→ **TASK ITEM**:
Since the records include pictures, leave those out while you reproduce exactly and only the lines from the one containing "Cochesdemetal.es 1937 Cord" through the one containing "Paul Smith - Organic", inclusive.

→ **GIVEN RECORDS**:
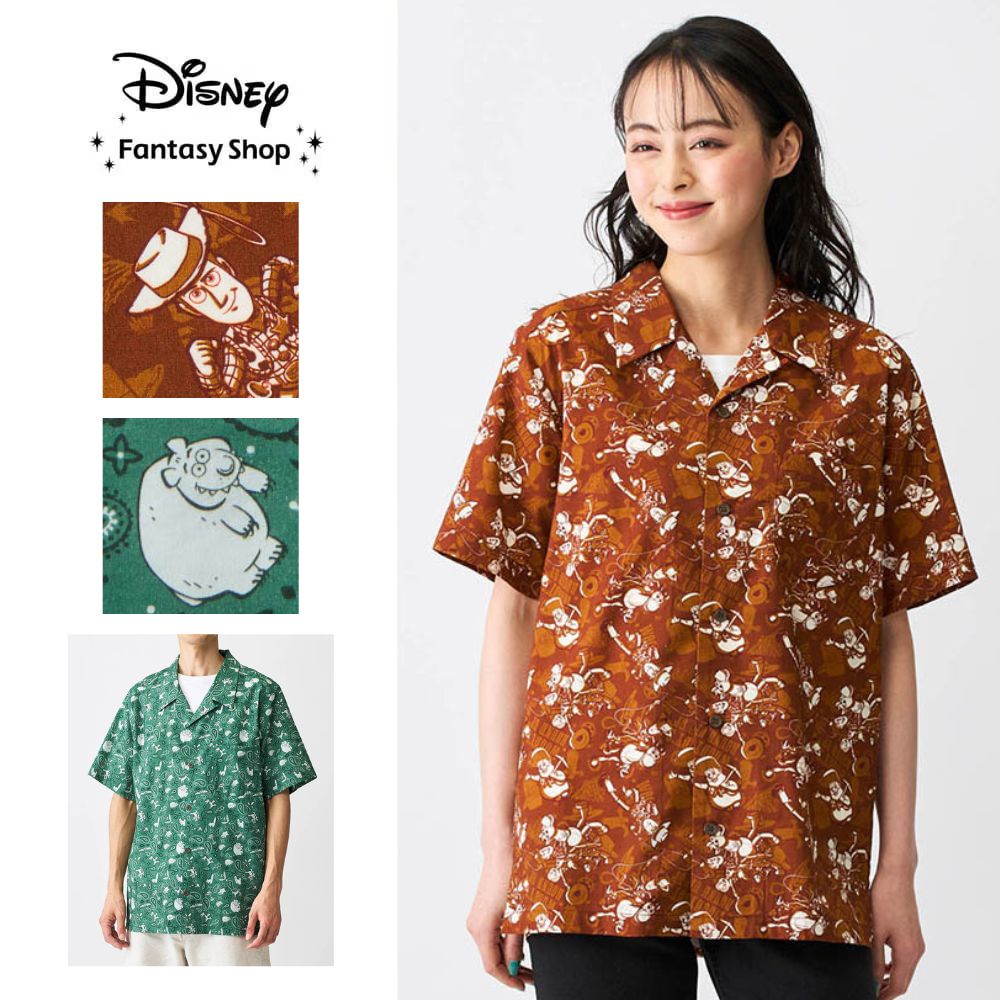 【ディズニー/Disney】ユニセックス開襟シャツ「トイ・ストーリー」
==
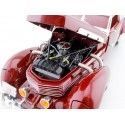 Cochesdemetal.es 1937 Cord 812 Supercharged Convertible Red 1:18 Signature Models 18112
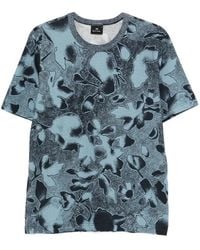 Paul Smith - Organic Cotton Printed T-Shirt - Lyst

→ **SOLUTION TO THIS EXERCISE**:
 Cochesdemetal.es 1937 Cord 812 Supercharged Convertible Red 1:18 Signature Models 18112
 Paul Smith - Organic Cotton Printed T-Shirt - Lyst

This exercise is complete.